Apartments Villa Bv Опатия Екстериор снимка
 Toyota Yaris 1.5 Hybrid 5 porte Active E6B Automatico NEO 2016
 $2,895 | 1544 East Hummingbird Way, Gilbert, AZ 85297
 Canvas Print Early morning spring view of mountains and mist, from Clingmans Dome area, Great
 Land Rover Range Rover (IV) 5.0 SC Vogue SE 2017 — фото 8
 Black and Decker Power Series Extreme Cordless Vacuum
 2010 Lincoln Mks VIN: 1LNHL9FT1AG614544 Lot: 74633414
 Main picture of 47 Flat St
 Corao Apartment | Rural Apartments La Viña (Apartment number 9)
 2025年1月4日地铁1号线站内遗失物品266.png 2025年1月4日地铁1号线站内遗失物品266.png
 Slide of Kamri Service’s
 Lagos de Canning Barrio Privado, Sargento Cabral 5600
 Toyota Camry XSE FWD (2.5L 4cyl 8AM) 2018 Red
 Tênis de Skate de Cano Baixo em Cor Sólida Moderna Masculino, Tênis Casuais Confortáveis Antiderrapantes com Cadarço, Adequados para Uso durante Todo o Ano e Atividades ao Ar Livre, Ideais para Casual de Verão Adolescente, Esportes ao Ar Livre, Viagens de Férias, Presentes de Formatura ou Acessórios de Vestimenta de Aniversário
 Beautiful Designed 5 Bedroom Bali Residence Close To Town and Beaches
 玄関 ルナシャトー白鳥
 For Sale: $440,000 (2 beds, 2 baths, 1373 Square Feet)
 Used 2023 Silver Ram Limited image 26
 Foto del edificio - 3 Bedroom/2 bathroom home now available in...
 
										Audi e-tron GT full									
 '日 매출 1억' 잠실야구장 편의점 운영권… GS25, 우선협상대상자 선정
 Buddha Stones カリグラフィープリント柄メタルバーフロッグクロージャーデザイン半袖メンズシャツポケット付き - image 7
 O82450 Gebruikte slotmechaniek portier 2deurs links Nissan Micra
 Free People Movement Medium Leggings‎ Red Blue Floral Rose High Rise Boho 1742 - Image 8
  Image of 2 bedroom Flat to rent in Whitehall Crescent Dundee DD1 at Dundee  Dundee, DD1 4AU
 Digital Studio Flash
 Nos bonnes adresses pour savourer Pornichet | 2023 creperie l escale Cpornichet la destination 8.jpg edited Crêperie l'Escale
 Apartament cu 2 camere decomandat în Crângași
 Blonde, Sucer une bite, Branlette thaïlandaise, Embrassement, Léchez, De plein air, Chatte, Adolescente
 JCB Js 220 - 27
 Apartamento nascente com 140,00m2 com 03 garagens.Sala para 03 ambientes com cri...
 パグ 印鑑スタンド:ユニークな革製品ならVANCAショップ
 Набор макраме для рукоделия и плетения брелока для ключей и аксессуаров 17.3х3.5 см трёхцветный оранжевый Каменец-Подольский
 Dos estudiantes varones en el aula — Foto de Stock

•••••

_Exercise objective_. Which lines of the data hold the string "Flat"? Return each of them.

_Task answer_.
 Main picture of 47 Flat St
  Image of 2 bedroom Flat to rent in Whitehall Crescent Dundee DD1 at Dundee  Dundee, DD1 4AU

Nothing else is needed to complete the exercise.